На капоте пикапа, во вмятине, где скапливается вода, видны крапинки ржавчины. Энн открывает переднюю дверцу. Внутри пахнет плесенью, но это даже приятно, как в сарае со старым сеном. На полу мышиный помет. Она садится на пассажирское сиденье, пристегивается и проводит рукой по приборной панели, вся ладонь в рыжей пыльце. Она с удивлением говорит себе, хотя для нее это не новость: «Я живу здесь дольше всех».
С тех пор как умер Уэйд, прошло шестнадцать лет. Он прожил на горе Айрис двадцать четыре года, Дженни и Джун – девять, Мэй – всего шесть. Энн прожила здесь двадцать девять лет. Половину своей жизни.
Из тюрьмы позвонили месяц назад.

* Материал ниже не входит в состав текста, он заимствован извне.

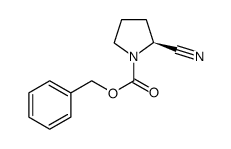 cas no 63808-36-6 is 1-Pyrrolidinecarboxylicacid, 2-cyano-, phenylmethyl ester, (2S)-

Мужчина на том конце провода говорил об условно-досрочном освобождении таким тоном, будто Энн все уже известно. Он, похоже, думал, что Дженни ее сестра. Она не нашла слов, чтобы его поправить. Шок помог ей сосредоточиться. Она уложила все самое важное в шесть коробок и собрала чемодан одежды. Она уволилась с работы. Она продала свои вещи. Она продала эту землю.
У нее не было времени осознать, каким тяжким будет это прощание.
Крашеные, колышущиеся перья «ловца снов», свисающего с зеркала, покрыты паутиной и пылью. Энн опускает стекло и, подставив легкому ветерку лицо, окидывает взглядом пустой дровник. Затем оглядывается на синие задние сиденья, где никто не сидел почти тридцать лет, – правое чуть светлее, чем левое, оба потускнели на солнце.
Наружу рвется та самая песня, которую она разучивала с Уэйдом много лет назад, песня, всю значимость которой она поняла лишь в тот вечер в лесу, когда вспомнила его первое признание в любви – любви, пробужденной музыкой в ту раннюю, робкую пору занятий в классе, до того, нет, когда все началось.
Та первая песня, кристально-ясная, снова с ней. Слова разбили вдребезги покой последнего десятка лет.
Сними портрет свой со стены,
Чтоб мне не видеть глаз твоих
И чтоб забылась до весны
Вся боль от радостей былых.
Так не пойдет. Что-то она не старается. Она способна на большее. Как это эгоистично, что за столько лет ее страх ничуть не изменился, лишь оброс подробностями, но ни подтверждения, ни опровержения не получил. Но она не в силах выйти за рамки единственного объяснения, на какое способна, – объяснения, что объяснение существует, что у всего этого была причина. Резким движением она поворачивает зеркало к себе. Смотрит на свое почти шестидесятилетнее лицо. Сзади – пустое сиденье.
Любовь сама как ветерок,
И вот мы в осень сметены.
Ты улетаешь, как листок,
Сними портрет с моей стены.
Уэйд мурлычет эту мелодию себе под нос, стоя на валуне и оглядывая долину, куда они нырнули на пути сюда – с горы и в гору.